═════ DATA TO PROCESS

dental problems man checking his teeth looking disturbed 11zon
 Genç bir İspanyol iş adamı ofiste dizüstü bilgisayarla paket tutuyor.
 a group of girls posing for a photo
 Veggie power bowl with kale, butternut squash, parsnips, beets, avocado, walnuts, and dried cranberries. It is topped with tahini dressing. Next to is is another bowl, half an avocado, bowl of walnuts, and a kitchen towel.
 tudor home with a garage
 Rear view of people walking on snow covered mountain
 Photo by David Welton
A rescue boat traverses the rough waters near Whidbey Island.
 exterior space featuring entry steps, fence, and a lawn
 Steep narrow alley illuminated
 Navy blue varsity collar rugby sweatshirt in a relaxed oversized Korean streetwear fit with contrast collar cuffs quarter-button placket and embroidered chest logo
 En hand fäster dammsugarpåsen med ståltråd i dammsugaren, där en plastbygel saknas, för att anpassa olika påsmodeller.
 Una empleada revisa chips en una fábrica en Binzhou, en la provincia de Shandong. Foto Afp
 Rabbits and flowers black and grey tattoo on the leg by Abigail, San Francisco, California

══════════

> WHAT TO PRODUCE
Set down exactly, and only, the lines from the one containing "A rescue boat" through the final line of the entries above.

> OUTPUT
A rescue boat traverses the rough waters near Whidbey Island.
 exterior space featuring entry steps, fence, and a lawn
 Steep narrow alley illuminated
 Navy blue varsity collar rugby sweatshirt in a relaxed oversized Korean streetwear fit with contrast collar cuffs quarter-button placket and embroidered chest logo
 En hand fäster dammsugarpåsen med ståltråd i dammsugaren, där en plastbygel saknas, för att anpassa olika påsmodeller.
 Una empleada revisa chips en una fábrica en Binzhou, en la provincia de Shandong. Foto Afp
 Rabbits and flowers black and grey tattoo on the leg by Abigail, San Francisco, California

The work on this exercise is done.